Given material:
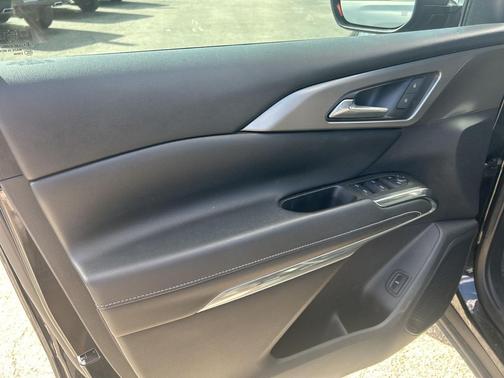 2024 Chevrolet Traverse LS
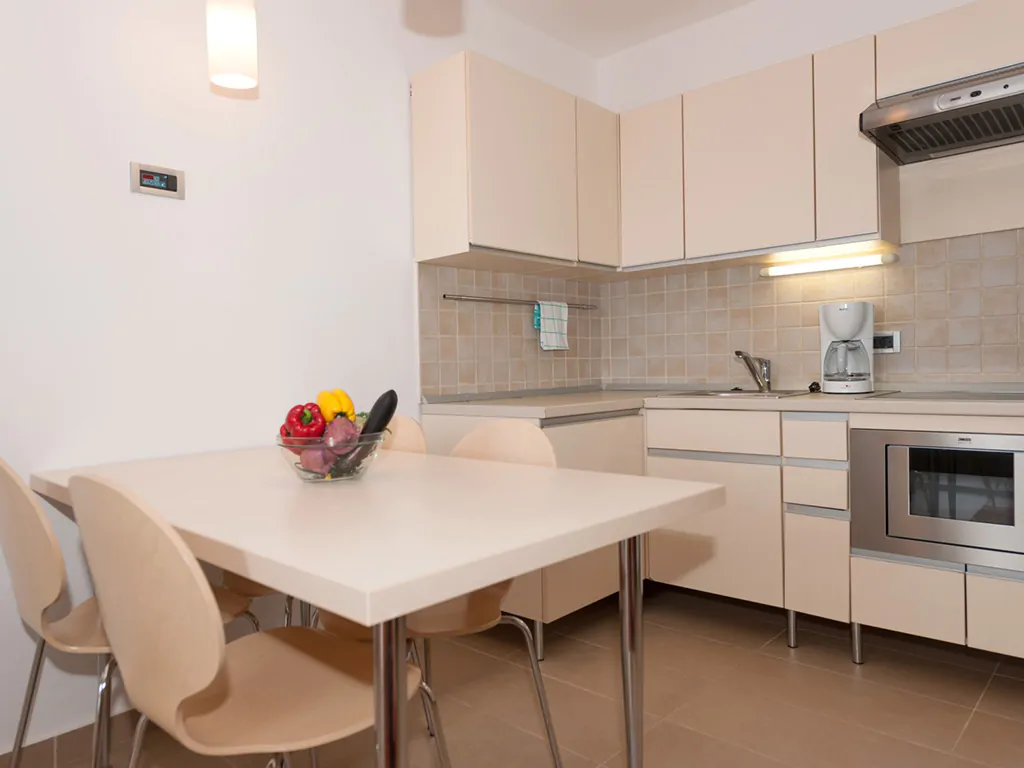 campsite-porto-sole-apartments-superior-kitchen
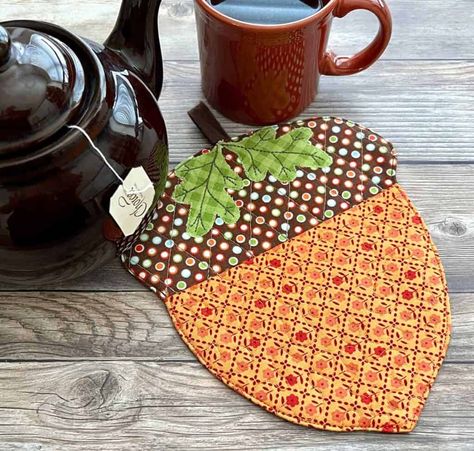 Thanksgiving Mug Rugs, Acorn Mug Rug Pattern, Hot Pads Diy, Quilted Potholder Pattern, Fall Sewing Projects, Fall Quilt Patterns, Fall Pumpkin Crafts, Halloween Sewing, Fall Sewing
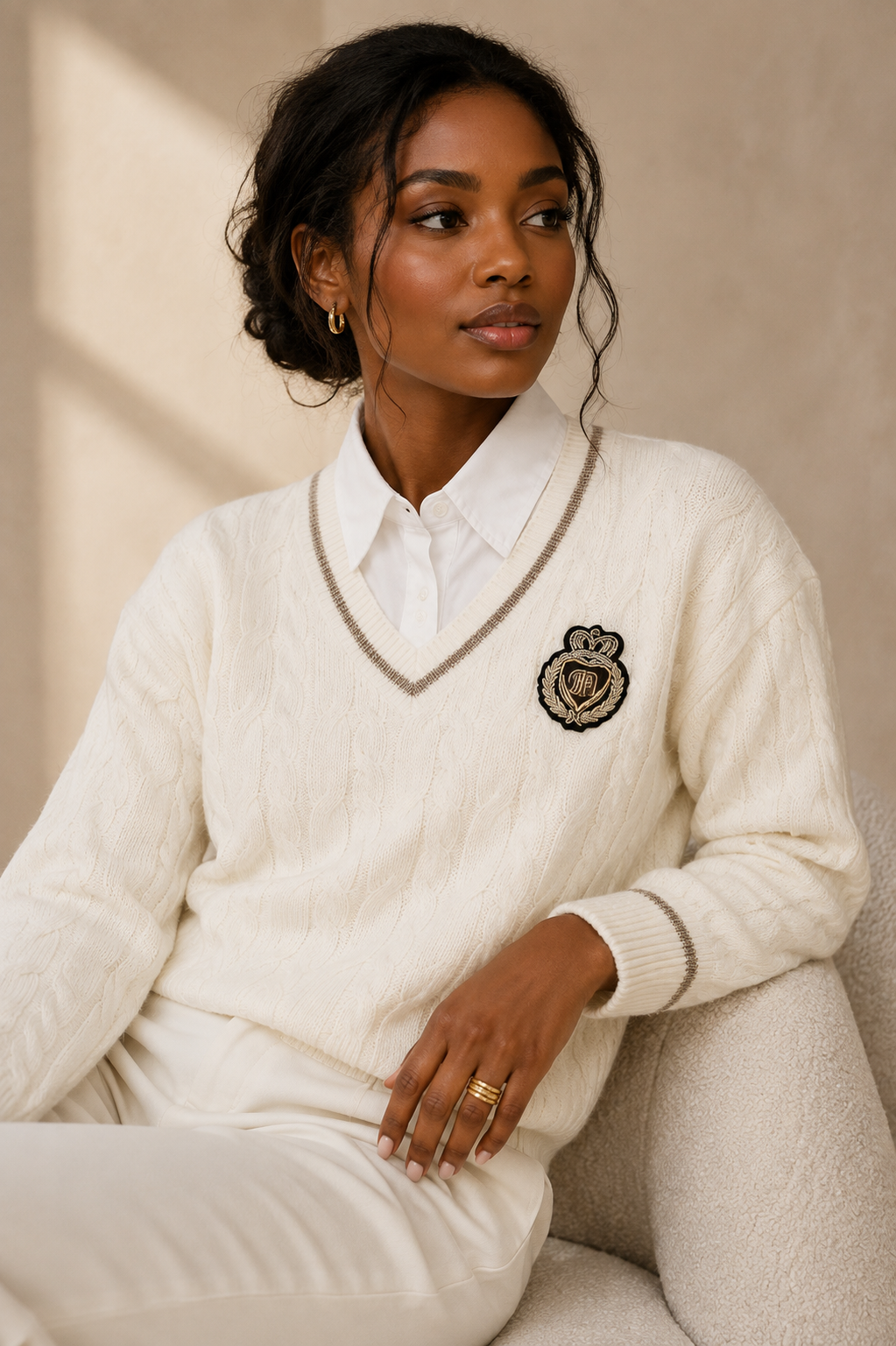 Windsor Crest Knit Jumper – Ivory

What is needed:
Each line from the one containing "Thanksgiving Mug Rugs, Acorn" through the last line above should be retyped exactly, and no other line. Any picture is to be left out.

Exercise response:
 Thanksgiving Mug Rugs, Acorn Mug Rug Pattern, Hot Pads Diy, Quilted Potholder Pattern, Fall Sewing Projects, Fall Quilt Patterns, Fall Pumpkin Crafts, Halloween Sewing, Fall Sewing
 Windsor Crest Knit Jumper – Ivory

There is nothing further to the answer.